D'un point de vue dramatique, il y a moins d'action dans ces nouveaux chapitres (même s'il y a quelques séquences qui bougent bien), mais c'est parce que Bendis veut privilégier l'exploration psychologique de ses héros tout en soulignant l'impact que produit leur présence dans leur entourage, celui de l'école Jean Grey.
Le scénariste va s'intéresser plus spécialement à trois des jeunes X-Men pour mettre en évidence leurs caractères, montrer ce qui les distingue d'une communauté déjà bien fournie, et justifier que la série se prolonge. Le récit se déploie de manière très claire et linéaire, ce qui, là aussi, diffère du précédent arc narratif (où la chronologie était bousculée et les parallèles entre ce qui se jouait dans le réel et la psyché étaient privilégiés). Jean Grey, Scott Summers et Warren Worthington vont nous être présentés plus en détail au contact d'un autre X-Man, respectivement Kitty Pryde, Wolverine et Angel.

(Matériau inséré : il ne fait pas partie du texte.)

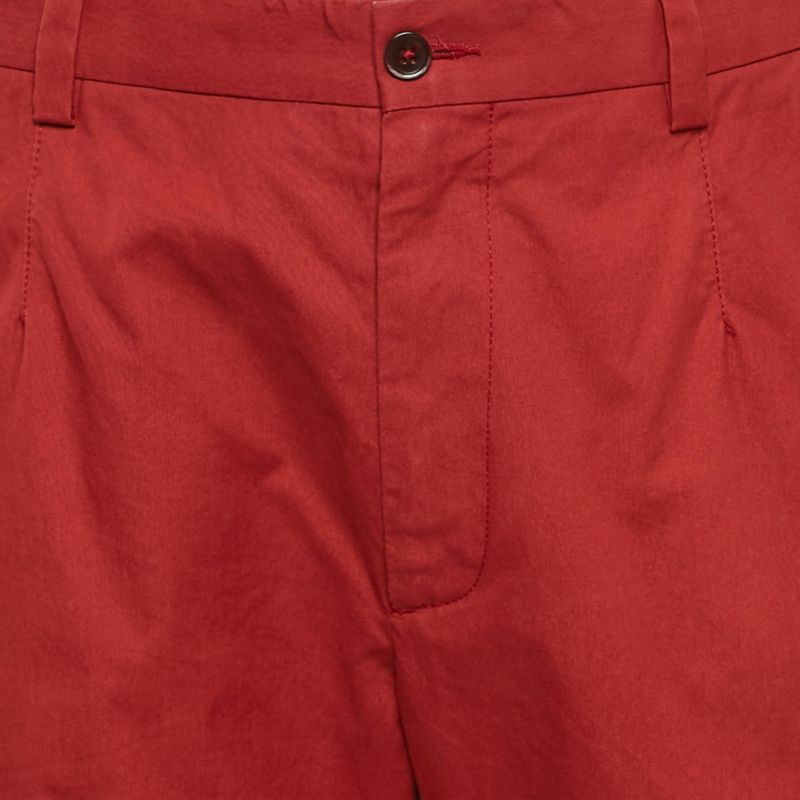 Men's Pre-Owned Dolce & Gabbanna Red Cotton Straight Leg Pants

Le segment qui associe Jean et Kitty est très bien vu : Kitty est devenue la professeur de Jean alors que son personnage était apparue durant la mythique saga du Phénix Noir, qui allait aboutir à la (première) mort de Jean Grey. Bendis écrit superbement bien le personnage de Kitty, tutrice attentionnée et troublée de jouer ce rôle avec la version adolescente de l'héroïne qu'elle avait rencontrée quand elle-même n'était qu'une jeune fille. On a également la confirmation que le personnage de Jean est bel et bien celui que préfère visiblement l'auteur, celui autour duquel il articule ses intrigues.

Avec Scott Summers, Bendis insiste sur le décalage induit par l'époque dont vient le jeune homme, sa naïveté : il le montre sidéré par la modernité technologique mais aussi dupé par Mystique. Tout cela est écrit avec subtilité, alternant humour (en s'amusant de l'éternelle rivalité entre Cyclope et Wolverine) et gravité (quelle attitude adopter face au Cyclope moderne ?). L'apparition de Mystique suggère qu'elle va devenir un élément important dans le futur de la série : c'est un adversaire intéressant pour de jeunes héros inexpérimentés, dans un contexte où la disparition de Charles Xavier invite chaque mutant (bon, mauvais ou dans un positionnement plus équivoque) à se redéfinir (le professeur ayant toujours été la figure de référence, pour le pire et le meilleur, lui-même n'étant pas un mentor irréprochable).

Pour ce qui concerne Warren Worthington, Bendis fait preuve d'encore plus d'inspiration. En effet, il en a fait le seul X-Man originel réticent à séjourner à notre époque et il est resté parce que ses quatre acolytes ont voté pour rester. Sa méfiance s'explique aussi par le fait qu'il était le seul à ne pas avoir rencontré son double actuel et quand cela arrive (lors du #6), on comprend immédiatement que cela va avoir des conséquences lourdes et durables. Angel est en quelque sorte le pendant au personnage de Jean Grey : d'un côté, on a la jeune fille apeurée mais curieuse, déterminée ; de l'autre, on l'a, lui, tout aussi anxieux mais qui, plus il en sait, plus il est convaincu que sa place n'est pas ici (à cette époque et avec ces mutants). Bendis sait parfaitement décrire le trouble éprouvé par Angel à découvrir ce qu'il est devenu, très différent et pourtant très proche.
Il offre aussi au passage, au personnage et au lecteur, une séquence d'action très dynamique, reposant certes sur un prétexte facile, mais qui permet d'accentuer le malaise de Warren, précipiter les évènements, et souligner que son désarroi psychologique s'appuie aussi sur des faiblesses physiques (en effet, une fois en situation de combat, il ne fait pas le poids - comme un oiseau il a les os creux, une force proportionnellement normale, bref rien de bien redoutable).
 (Extrait de All-New X-Men #10. Dessins de Stuart Immonen)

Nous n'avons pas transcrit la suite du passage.